No. The U.S. Constitution doesn't provide much protection at all against state inaction. (The human rights tribunal for the Americas has faulted the U.S. for violating human rights by not having protections against this kind of conduct which all Latin American countries do have.)

Would the plaintiff have needed to sue the state for failing to enforce the Fourteenth Amendment in order for it to be under federal jurisdiction?
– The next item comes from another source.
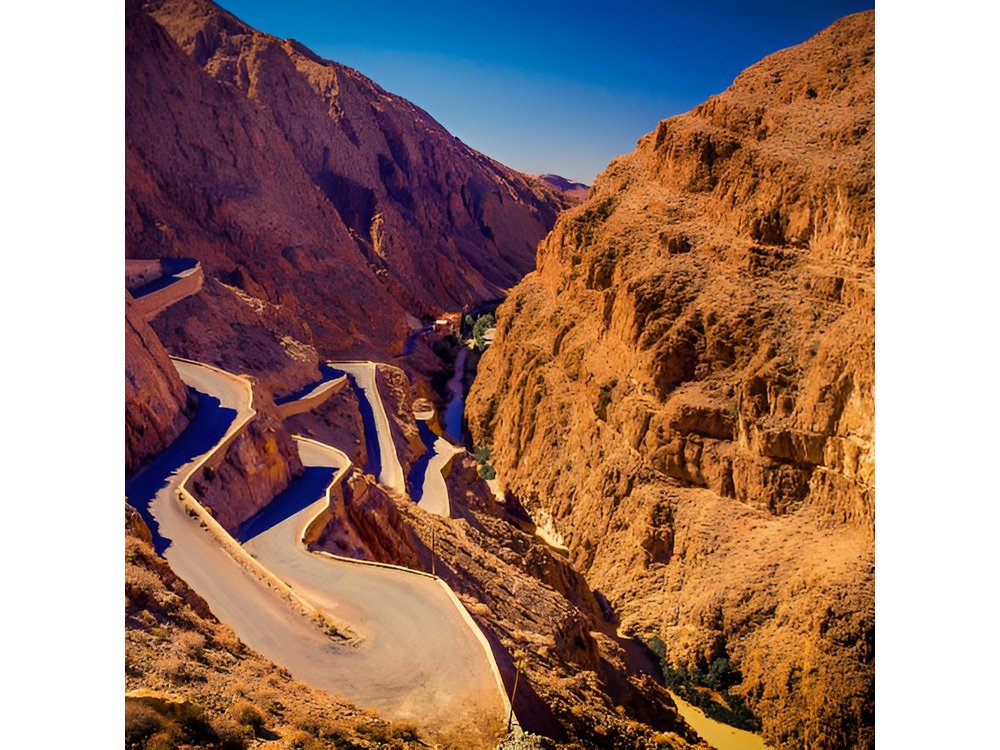 3 days tour from Marrakech to Merzouga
No. The plaintiff would have no remedy, which was basically the intended and expected effect of U.S. v. Cruikshank. The justice of the U.S. Supreme Court weren't any more stupid then than they are now. They just had different values and part of those values was the belief that it wasn't the place of the federal government to curb the acts of groups like the KKK and Jim Crow laws (in part to prevent a re-ignition of the Civil War in a post-Reconstruction period when white supremacists were more powerful than ever in the states that had previously fought a war with overwhelming support from majorities of people entitled to vote to preserve slavery). The Civil Rights Amendments were shoved down the throats of the Southern states as a condition for readmission to equal standing in the Union free of military law and civil disabilities during Reconstruction. So, they ratified those amendments under duress and then did everything they could to reinstate the pre-civil war system as completely as possible which they had still believed in despite losing the Civil War (and indeed, modern political figures like Roy Moore, a previous Alabama Supreme Court Justice, still want to return their states and the nation to the ante-bellum South, and argue that slavery was as much good as it was bad for the slaves and for the South).

It took a century and two World Wars and the Korean War, in which African-Americans served in the military for the U.S., and a thriving post-war economy, for those attitudes to change.

Ultimately, in light of this ruling, in the 1960s, the Civil Rights Acts were adopted by Congress to regulate discriminatory conduct by private parties, not with the justification and authority of enforcement powers of the Civil Rights Amendments, but instead based upon the interstate commerce clause whose scope had been dramatically expanded during the Great Depression in cases like Wickard v. Filburn, a choice which a pro-civil rights U.S. Supreme Court gave its stamp of approval in the Heart of Atlanta Motel case.